A review of the fire safety arrangements at Scotland’s historic buildings should be undertaken following the Glasgow School of Art blaze, a leading fire safety expert has said.
Guidance on fire safety should be updated, fire protection measures should be examined, and modern alarm and sprinkler systems installed, according to Stephen Mackenzie, an independent fire safety and emergency planning consultant.
Other great buildings in Glasgow including the Alexander “Greek” Thomson church in St Vincent Street, are also susceptible to fire, said Mackenzie, who has advised on historic building projects and is an ambassador for the Society of Fire Protection Engineers. He urged the Scottish Government to conduct the review.
He said: “I think there should be a review of fire safety in Scotland’s historic buildings. We need to update our recommendations and guidance and to make some sort of statutory provision to get people to look at not only life saving, but property protection in our category one listed assets.
“The review should look at fire protection measures and arson control. We need to look at preventative and evacuation strategies. We also need to look at modern alarm and sprinkler systems.”
The second major fire in four years at the Charles Rennie Mackintosh masterpiece, when it was on the verge of restoration, has been deeply distressing. Hopes the remains of the Glasgow School of Art can be restored again have been voiced. But the damage has been devastating.
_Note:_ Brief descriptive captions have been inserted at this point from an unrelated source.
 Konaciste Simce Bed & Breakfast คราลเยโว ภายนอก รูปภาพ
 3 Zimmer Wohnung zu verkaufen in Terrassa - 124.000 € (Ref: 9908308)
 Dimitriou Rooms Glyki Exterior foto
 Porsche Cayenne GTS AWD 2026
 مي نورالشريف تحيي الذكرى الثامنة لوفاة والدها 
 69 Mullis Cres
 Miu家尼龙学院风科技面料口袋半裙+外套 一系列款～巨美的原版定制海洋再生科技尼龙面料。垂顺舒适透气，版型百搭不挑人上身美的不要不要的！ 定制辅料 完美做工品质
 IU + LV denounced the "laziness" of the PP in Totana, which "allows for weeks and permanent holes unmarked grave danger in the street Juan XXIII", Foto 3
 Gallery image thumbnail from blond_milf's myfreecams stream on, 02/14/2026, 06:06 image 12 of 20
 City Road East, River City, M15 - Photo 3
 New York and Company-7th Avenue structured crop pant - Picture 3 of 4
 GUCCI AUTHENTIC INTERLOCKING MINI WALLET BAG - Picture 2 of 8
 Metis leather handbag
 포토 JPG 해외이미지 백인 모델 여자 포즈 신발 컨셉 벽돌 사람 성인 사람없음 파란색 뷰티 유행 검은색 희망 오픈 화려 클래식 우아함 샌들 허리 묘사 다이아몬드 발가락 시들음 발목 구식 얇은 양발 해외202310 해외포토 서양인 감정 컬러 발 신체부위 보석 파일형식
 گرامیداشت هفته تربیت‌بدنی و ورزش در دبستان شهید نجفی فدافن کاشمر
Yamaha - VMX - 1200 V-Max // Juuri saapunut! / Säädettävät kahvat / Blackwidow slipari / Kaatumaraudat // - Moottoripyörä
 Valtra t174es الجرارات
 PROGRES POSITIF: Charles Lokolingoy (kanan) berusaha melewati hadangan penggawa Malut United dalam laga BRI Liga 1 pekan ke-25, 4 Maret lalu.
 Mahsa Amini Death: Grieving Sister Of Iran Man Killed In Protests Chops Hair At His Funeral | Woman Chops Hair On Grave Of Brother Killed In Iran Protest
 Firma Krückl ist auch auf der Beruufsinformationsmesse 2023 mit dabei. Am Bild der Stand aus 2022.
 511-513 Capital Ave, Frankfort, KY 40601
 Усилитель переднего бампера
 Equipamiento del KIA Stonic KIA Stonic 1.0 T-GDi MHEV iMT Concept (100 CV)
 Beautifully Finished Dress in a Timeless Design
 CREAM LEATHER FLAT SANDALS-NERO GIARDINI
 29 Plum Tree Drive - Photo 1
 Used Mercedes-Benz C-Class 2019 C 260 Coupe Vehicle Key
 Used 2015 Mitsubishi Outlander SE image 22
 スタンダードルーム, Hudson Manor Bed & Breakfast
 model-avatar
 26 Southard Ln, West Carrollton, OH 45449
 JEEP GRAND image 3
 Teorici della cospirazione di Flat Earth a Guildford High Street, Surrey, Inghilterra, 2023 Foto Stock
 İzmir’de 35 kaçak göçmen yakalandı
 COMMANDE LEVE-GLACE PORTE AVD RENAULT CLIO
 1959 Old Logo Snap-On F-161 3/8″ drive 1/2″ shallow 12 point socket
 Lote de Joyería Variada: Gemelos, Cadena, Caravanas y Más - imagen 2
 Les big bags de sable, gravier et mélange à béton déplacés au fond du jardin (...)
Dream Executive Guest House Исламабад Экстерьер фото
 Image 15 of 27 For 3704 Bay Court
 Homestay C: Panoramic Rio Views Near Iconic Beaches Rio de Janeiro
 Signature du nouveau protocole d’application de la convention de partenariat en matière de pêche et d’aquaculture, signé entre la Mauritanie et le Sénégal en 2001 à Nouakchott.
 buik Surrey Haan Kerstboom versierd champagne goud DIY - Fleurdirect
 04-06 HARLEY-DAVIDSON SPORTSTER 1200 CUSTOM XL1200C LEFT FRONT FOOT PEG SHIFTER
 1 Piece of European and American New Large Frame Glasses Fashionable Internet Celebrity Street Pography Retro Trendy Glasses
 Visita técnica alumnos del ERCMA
A Scottish Government spokesman said: “Historic buildings are already required to meet statutory fire safety requirements set by building standards, insurers and other regulations that apply to all buildings. In addition, Historic Environment Scotland, as the lead public body for Scotland’s historic environment, provides advice to owners of listed and historic buildings, and publishes detailed guidance on fire safety management for historic buildings, which set out the principles that should be applied.
“This includes looking at all viable options for historic buildings, based on the individual requirements of the building, including fire suppression and sprinkler systems.”